Claudia, quanti film? «Novantasei. Sono stata puttana e principessa. Dalla Russia all’Australia, l’Africa, l’America del Nord e del Sud». Se citiamo i suoi registi, lei che non vive di rimpianti, dice uffa o è felice? «Non mi guardo mai indietro ma, per carità, sono stati i miei maestri, anche se l’Italia ha la memoria corta ». Leone: «Ha inventato un modo di girare, la cinepresa sulla pelle degli attori. La musica di Morricone me la faceva sentire per entrare nel personaggio». Fellini: «Diceva che lo ispiravo, sei la mia musa, mi diceva in macchina. Io muta. Mi ha fatto interpretare me stessa, il mio stesso nome». Visconti: «Quando rivedo Rocco e i suoi fratelli o Il Gattopardo con Alain (Delon, ndr), lui si emoziona». Ha superato il brutto periodo? «Sì. Ha sofferto di depressione dopo che era stato lasciato dalla sua compagna. Sta molto meglio. Quei due film mi hanno aperto le porte del mondo». La storia del bustino stretto stretto è vera? «Alain riusciva a cingermi la vita con le mani. La sera piangevo. Nessuno sapeva delle mie ferite sul bacino. Luchino mi ripeteva di non camminare a piccoli passi, dovevo prendere possesso dello spazio: "Sembri una gatta da accarezzare sul divano. Poi ti trasformi in una tigre che doma il domatore". Germi: «Un maledetto imbroglio è uno dei miei primi film. Ci capivamo con lo sguardo».
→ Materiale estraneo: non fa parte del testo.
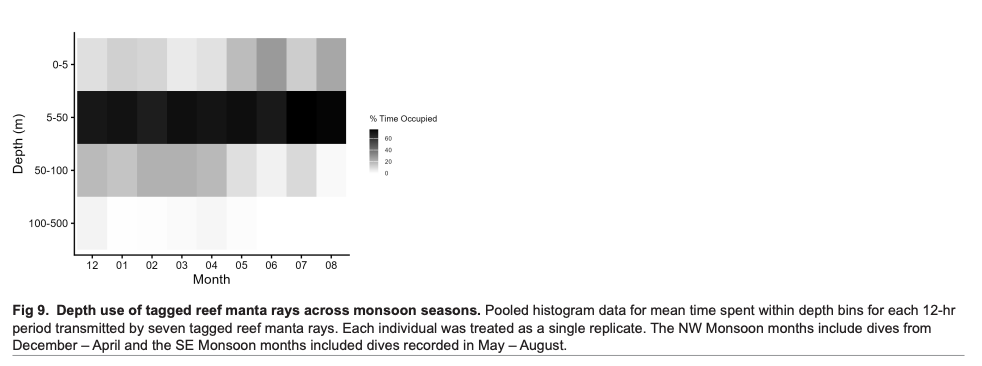 Knochel_et al_2026_8.png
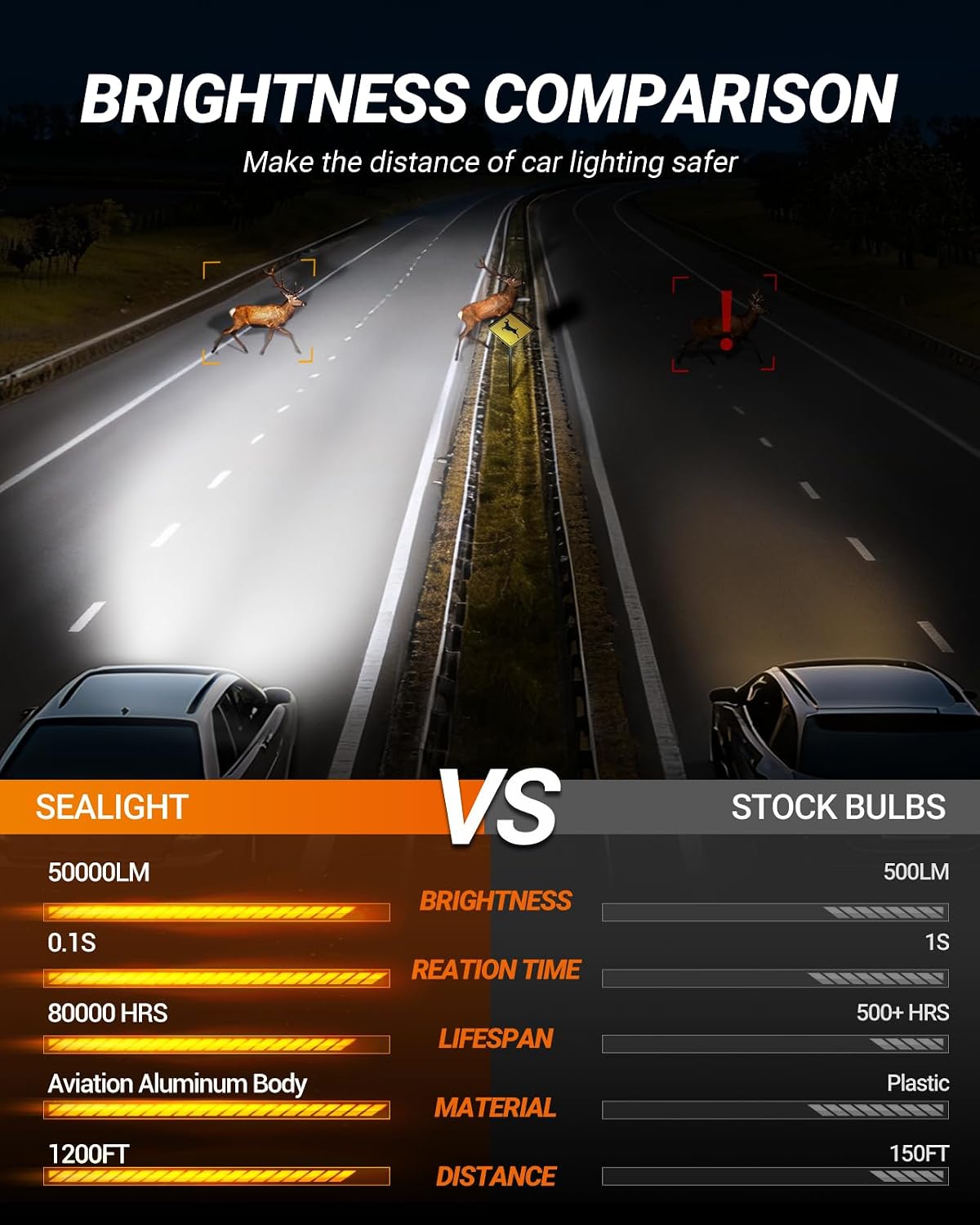 SEALIGHT HB5 Fog Light, 50,000LM 8X Brightness 9007 Bulbs with 5 Mins Plug-N-Play, Turbo Cooling Fan, White Light, IP68 Waterproof, Light Bulbs, Pack of 2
Emanuelle Bèart ha confessato che rifarsi a 27 anni le labbra è stata la più grande idiozia della sua vita. «Non mi sono mai ritoccata nulla, e sai quante volte me l’hanno chiesto? È così bello vedere i segni del tempo, rifarsi è un segno di fragilità, se non sei forte e non accetti i tuoi anni, meglio che lasci stare». Il suo «no» al nudo: «È più sensuale immaginare. Nei Professionisti il regista Richard Brooks disse a Burt Lancaster di togliermi la camicia. Mi feci fare dalla sarta di Marlene Dietrich un velo sotto. Capì che non c’era niente da fare. In Vaghe stelle dell’Orsa e in C’era una volta il West mi si vede la schiena nuda. Il mio record».

E i grandi rifiuti? «Un musical a New York. Il rifiuto più importante a Strehler: con questa voce, chi mi sente?, pensavo». Come ha cominciato? «In Tunisia, vennero a prendermi davanti scuola. Mio padre, di origini siciliane, figuriamoci... Imprevedibilmente disse sì». Di Franco Cristaldi, il produttore, non parla volentieri. «Avevo un contratto all’americana, in esclusiva, sotto controllo. A me dei soldi non è mai importato nulla. Venivo pagata al mese, a prescindere dagli incassi. Ho vissuto 17 anni così. Con Pasquale ho riscoperto la libertà. Ha una cultura pazzesca ma è napoletano, se vuole, canta e suona». In Italia mica è tanto compreso. «Perché è un rivoluzionario che dice quello che pensa».

La Senna scorre lentamente sotto di noi. «Sono sempre in viaggio, ho gli impegni umanitari contro l’Aids in Africa. E in Africa, con l’acqua davanti, sono nata. A Parigi guardo il fiume dalla finestra. L’acqua è un segno di serenità».